* [What is required] Print the full listing once more, exactly as given.
--- Given information ---
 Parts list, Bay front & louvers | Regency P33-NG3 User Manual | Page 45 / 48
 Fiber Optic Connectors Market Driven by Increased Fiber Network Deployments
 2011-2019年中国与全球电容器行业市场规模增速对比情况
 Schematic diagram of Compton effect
---
* [Exercise solution]
 Parts list, Bay front & louvers | Regency P33-NG3 User Manual | Page 45 / 48
 Fiber Optic Connectors Market Driven by Increased Fiber Network Deployments
 2011-2019年中国与全球电容器行业市场规模增速对比情况
 Schematic diagram of Compton effect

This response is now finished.